New Haven, Connecticut – Prominent human rights advocate Hamida Barmaki and her entire family were among at least 14 people killed when a Taliban suicide bomber blew up a crowded supermarket in Kabul on Friday.
Barmaki was a commissioner at the Afghanistan Independent Human Rights Commission, a passionate activist for the rights of Afghanistan’s women and children, and a law professor at Kabul University. She was killed with her husband, Massoud Yama, a doctor, and their four young children.
Afghanistan’s community of human rights defenders is reeling. The New York Times reports:
A colleague from the human rights commission, Ahmad Nader Nadery, struggled to control his emotions as he spoke of Ms. Barmaki. She had gone with her family to Italy in 2007 to study for a master’s degree and then returned to Afghanistan in 2008. “Her brothers were trying to persuade her to stay abroad, have a good education and a good life for her family, but she resisted these requests and returned back,” Mr. Nadery said.
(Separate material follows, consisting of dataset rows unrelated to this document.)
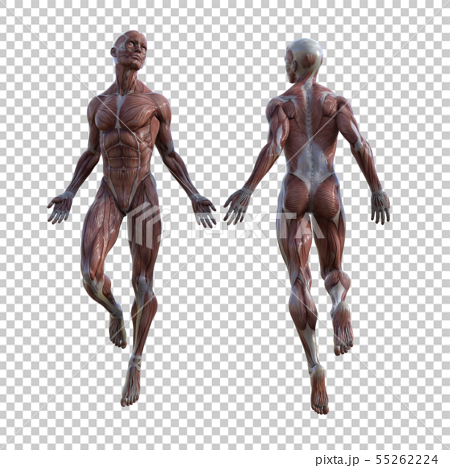 男性 解剖 筋肉 ３dcg イラスト素材のイラスト素材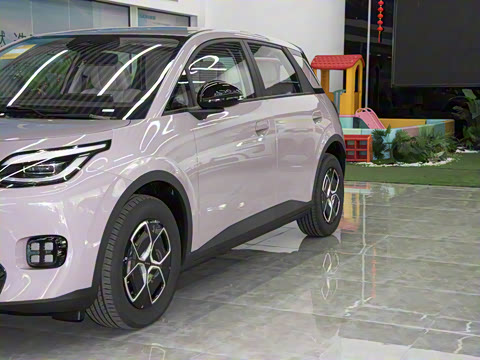 2025�� 330�ǻ԰�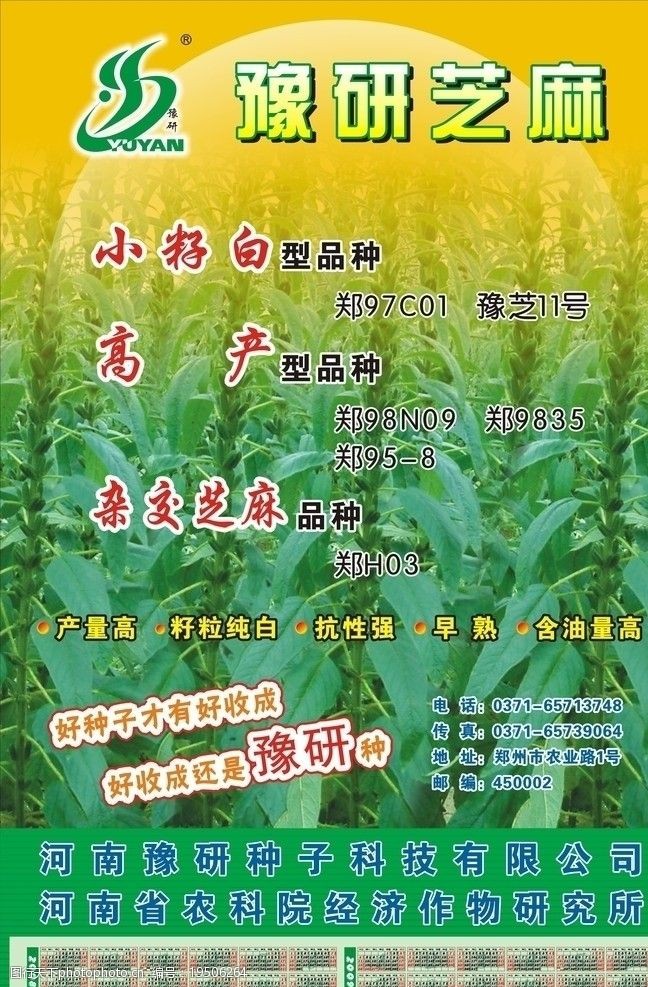 芝麻海报宣传图片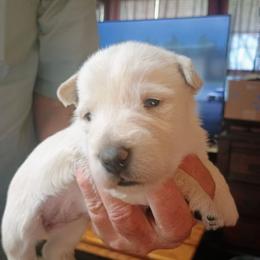 Elle for  Martha - Wheaten female Scottish Terrier puppy in Smiths Grove, Kentucky from Moore's We Little Farm AKC Scotties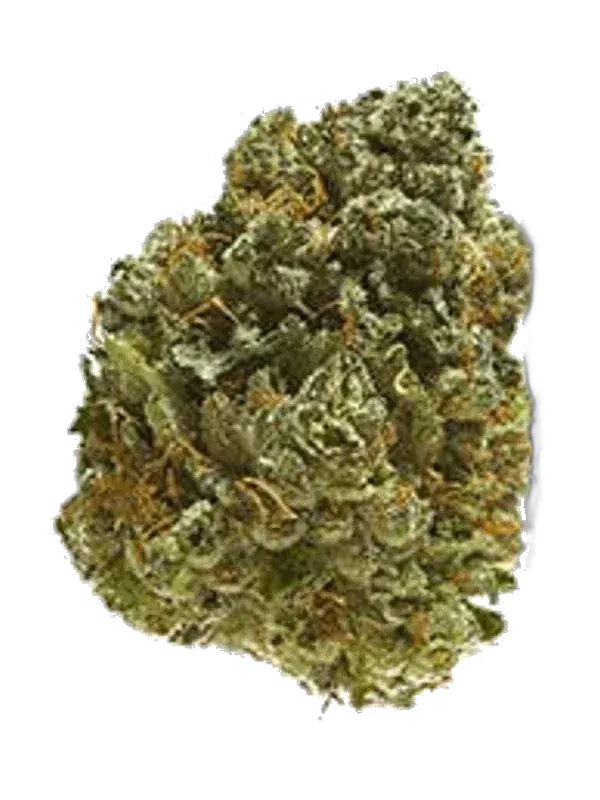 Canopy AKH 22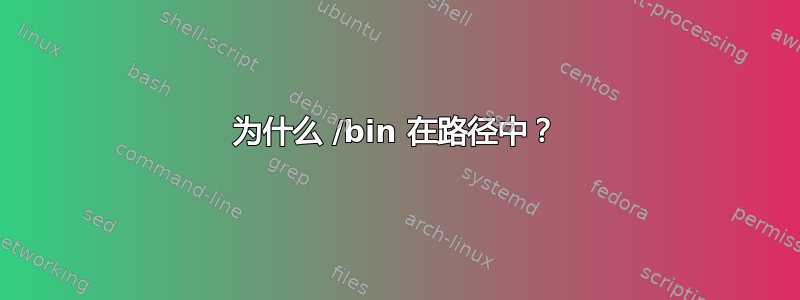 为什么 /bin 在路径中？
Barmaki dedicated her life to expanding access to justice for Afghanistan’s most vulnerable populations, and ending practices that harmed children. Her work was often dealt with taboo subjects, such as sexual abuse, and challenged the powerful.
Her work to end the recruitment of children by the Afghan police force and the use of boy sex slaves by military officials was just coming to fruition. (She had planned to give an interview to The New York Times on that subject later on Saturday.) In addition to her human rights commission work and teaching, she set up a training center for young lawyers, ran a charity that provided free legal aid to the poor and was trying to establish a post-graduate program in legal studies, Mr. Nadery said.
Given the opportunity to move abroad and escape the violence that had gripped her homeland all her life, Barmaki chose to stay in Afghanistan, a selfless decision that cost Barmaki her life.
Ms. Barmaki had been offered a fellowship in Germany this year, but decided against it so she could continue her work here. “She was loved by everybody,” Mr. Nadery said. “She was a very humble person, very quiet and soft-spoken, but when she did speak, it was with great force and authority.”
Thousands of mourners gathered in freezing rain for a final farewell to Barmaki, Yama and their children, when the family was buried in a cemetery on the outskirts of Kabul Saturday.
Even from afar, it’s impossible not to feel the darkness pressing in.